Mentors from previous years have requested more guidance in the brainstorming process. Here are some suggestions for how to approach the brainstorming session:
- Start with introductions. Find out how far the student has advanced through his/her science curriculum. Tell them a little about yourself: where you are from, what you majored in as an undergraduate, what your background is since college. Talk briefly about what it is you currently do or did before you retired.
- Ask if your student has any project ideas or special areas of interest. Try to generate a project together inspired by these ideas if possible.Tell the student which projects you would be able to help the most with and which you feel will probably be the most successful.
- Determine if the resources are available to complete all the projects the student has brainstormed. You can do this by talking to one of the coordinators and/or consulting the list of resources.If all of the ideas are too ambitious try to determine why the student is interested in these areas, and suggest some more reasonable topics within the areas the student is interested in.
- It is perfectly acceptable for you to suggest project ideas, provided the student seems to have made a real effort to develop some ideas on his/her own. However, the student should, at the very least, have chosen the general area from which the project ideas are coming.
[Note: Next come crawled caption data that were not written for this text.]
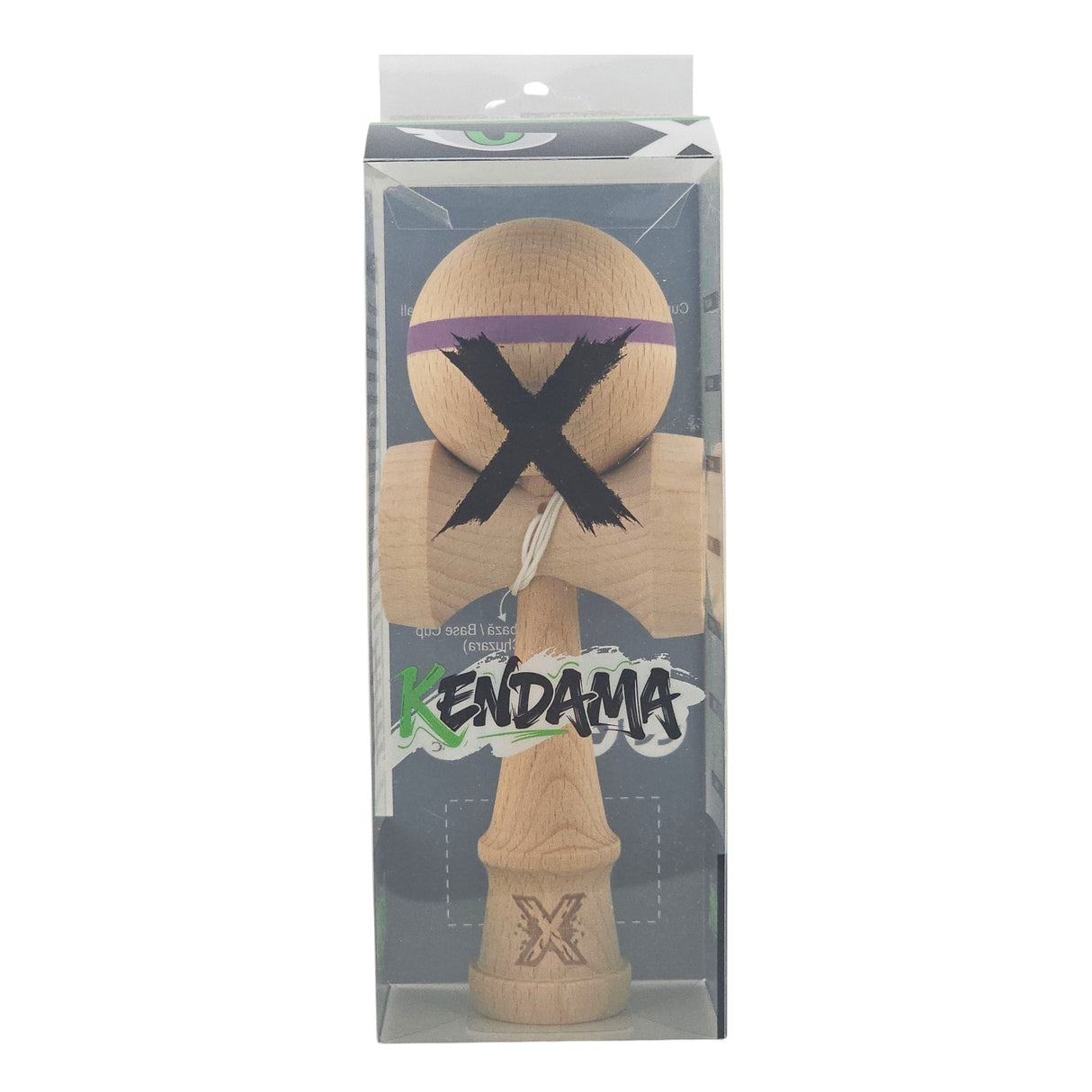 Kendama X Originală, Profesională, Vivimall, din Lemn, 18 cm, Dunga Mov - vivimall.ro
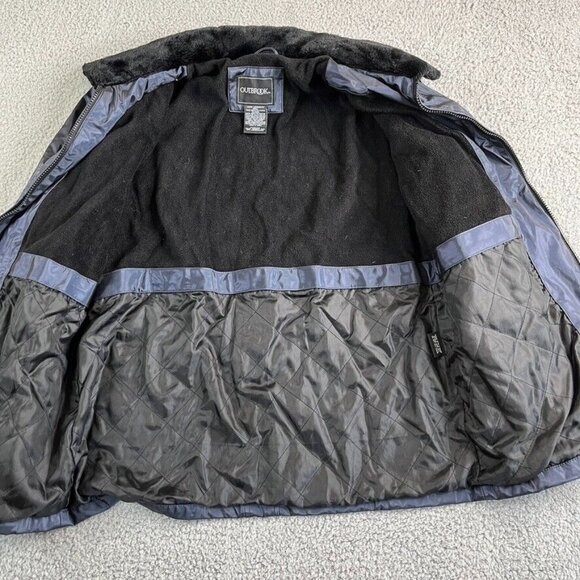 Outbrook Womens Faux Fur Collar Zip Jacket Midnight Blue Size Large Pockets - Picture 5 of 10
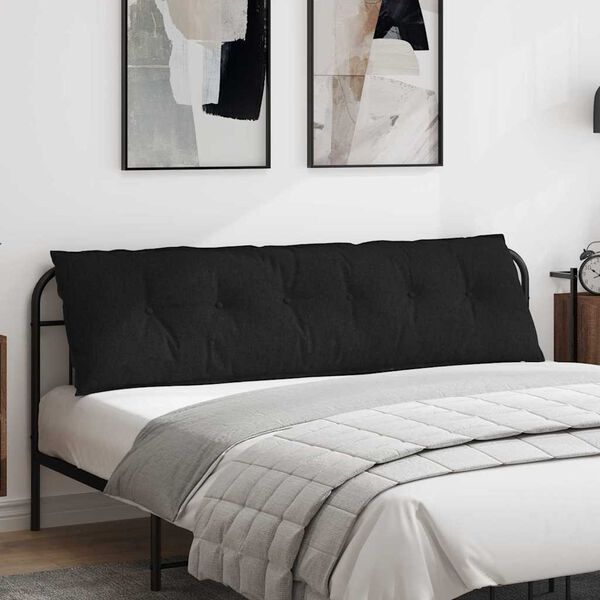 vidaXL Coussin de Dos Noir 180 x 19 x 50 cm tissu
- Try to steer the student towards a hypothesis driven project. One of the points of the science fair is to teach students the scientific method.
- If you are inviting the student to conduct research in your lab, there are special considerations during the brainstorming process. The student will not be as familiar as you are with the resources available, and may not be able to articulate how they might be used, but even so will be capable of performing and understanding fairly sophisticated experiments. In this case it is acceptable to spoon-feed the student a little more during the brainstorming process. If you wish, you could give the student the option to choose from several projects tangential to something that might already be going on in your laboratory. If possible, outline a project within one of their general topics of interest. If you take this approach it is important to make sure that the student fully understands the project and is able to explain it and answer questions about it by the end of the program.
What do you do if its just not working? Sometimes the brainstorming process feels like pulling teeth. For some reason your student is not able to formulate an idea or in the worst case even pick a topic that really interests them. This can be really frustrating for both of you.
- In this case back up and take it step by step. Tell the student that they must choose a topic by the end of the second student-mentor meeting.
- You might consider going with your student to the BLS computer lab. There are tons of web resources that talk about science fair project ideas, many of which are posted on our blog. It is better not to copy someone else’s old science project idea, but you can adapt an old idea by slightly changing some of the variables or the question.
- At this point, if things are still not working, go ahead and just feed your own ideas to the student. Just because the student could not come up with an idea does not mean that the process has been a failure. They’ve been exposed to the difficulties of coming up with new research ideas.
- If the student rejects your ideas or you don’t have any ideas, shoot Meg an email at the end of your second meeting with the student. The program coordinators will step in to intervene with the student and will try to come up with some project ideas, one of which the student will have to choose.